Saskatoon

More than 200 Saskatoon Co-op workers cross picket line with strike in 4th month

Saskatoon Co-op's CEO said 204 unionized workers have crossed the picket line, as a strike enters its fourth month. Grant Wicks said managers will soon re-open 'almost every' store.

'We're seeing that number increasing steadily,' says Co-op CEO Grant Wicks

Members of United Food and Commercial Workers Local 1400 wave as a vehicle honks at their picket line at the Saskatoon Co-op grocery store on Wellman Crescent in Stonebridge. The strike is now in its fourth month. (Chanss Lagaden/CBC)

With a strike at Saskatoon Co-op stores now into its fourth month, the retailer's chief executive officer said more than two hundred union members have now crossed the picket lines.

"For me that indicates that some of the picketers at least are frustrated with the lack of progress and want to return to work," said Grant Wicks, Saskatoon Co-op's CEO.

At issue is Saskatoon Co-op's proposed wage structure, which would see new hires making less money than existing employees doing the same work.

Union negotiators said Co-op managers have refused to bargain several times over the past month.

"They won't sit down with us unless it's on their terms," said Rod Gillies, lead negotiator for United Food and Commercial Workers (UFCW) Local 1400. 

'They say that they're willing to negotiate, but it doesn't appear to be that way at all,' said Rod Gillies, lead negotiator for UFCW Local 1400. (CBC/Chanss Lagaden)
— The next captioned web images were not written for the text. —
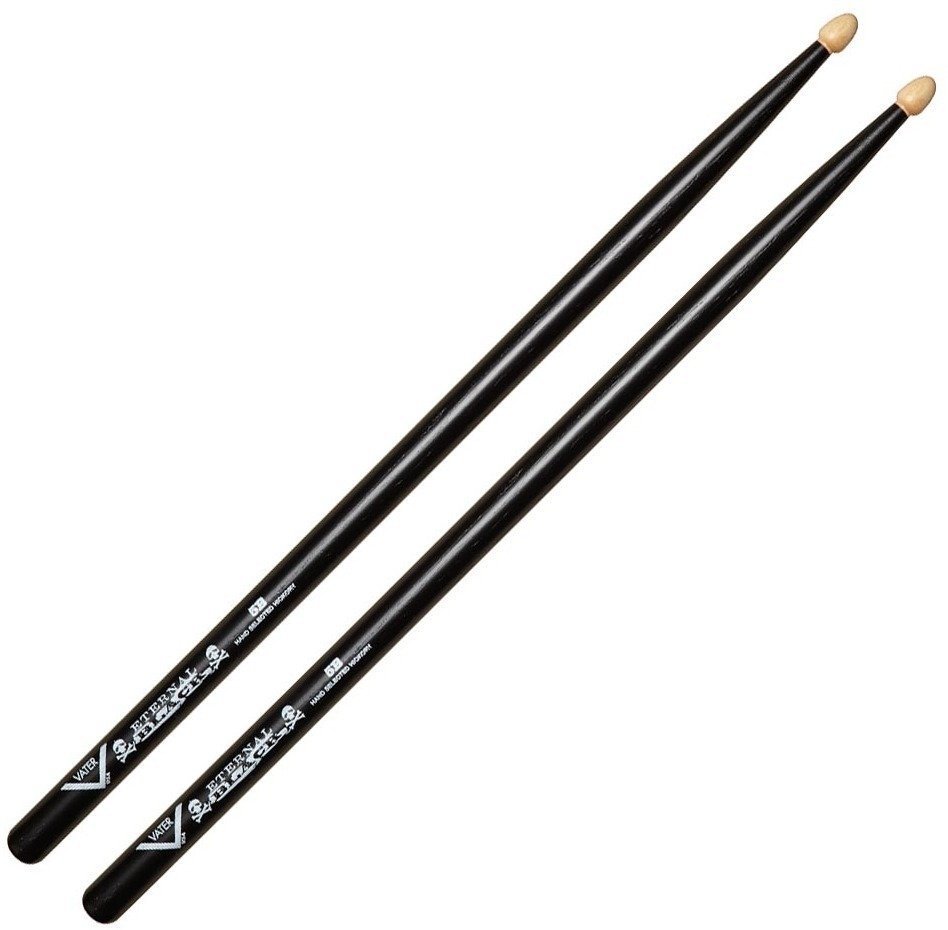 Drumsticks Vater VHEB5BW Eternal Black 5B Drumsticks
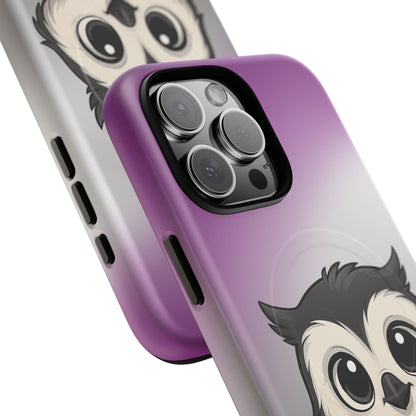 "Ace-Wise" – Asexual Pride Owl MagSafe® iPhone Tough Case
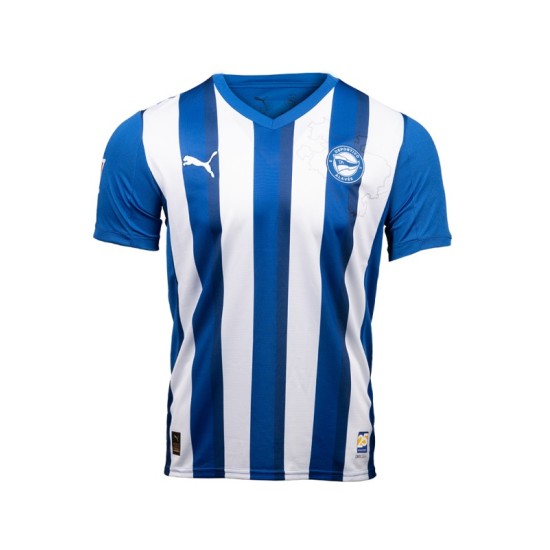 Men's Alaves 2025/26 Home No Sponsor Shirt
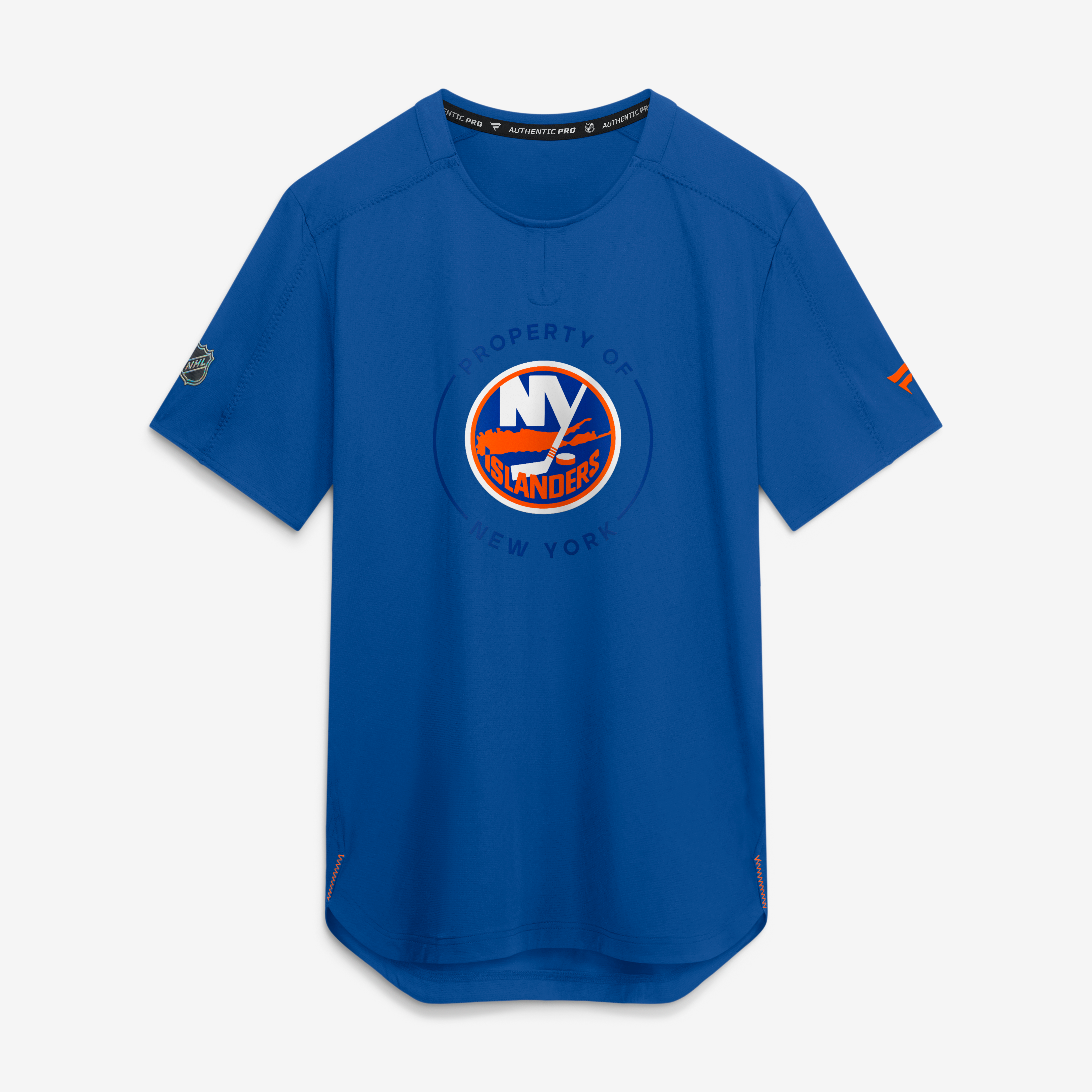 Men's Fanatics Royal New York Islanders Authentic Pro Train Performance T-Shirt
"We have loyal Co-op employees who are walking the line for hours every single day in Saskatchewan winter," Gillies said. "This is not just uncomfortable. This is dangerous."

Gillies said the strike has gone on "too long," and Co-op members want it resolved.

"We have put together on numerous occasions different versions of a second tier that address all their concerns about sustainability, and they've rejected all of them, and their position hasn't changed," Gillies said.

Both sides worked with a provincially-appointed conciliator before the strike.

Co-op's CEO said he sees no benefit in taking the dispute to binding arbitration.

'We're not looking to dial back benefits for our people,' said Saskatoon Co-op CEO Grant Wicks. 'Our offers to the union have included lower pay rates but the benefits have been untouched.' (Saskatoon Co-op)

Wicks said he's open to "genuine" negotiations with the union, and estimated between 500 and 600 people are currently working for Saskatoon Co-op.

Wicks said that includes between 200 and 300 replacement workers, a number Wicks said "increases every day."

"Some of them are new Canadians, but they've all been recruited locally," he said, noting that should be enough to open Co-op's new liquor store on 8th Street East by mid-month. 

"When the strike started we just didn't have the resources to keep everything open," said Wicks.

"As we've gathered strength with our employees returning to work, along with our management and out-of-scope personnel and replacement workers, we've been able to reopen just about every location," he said.

The union is urging Co-op members to shop elsewhere during the strike.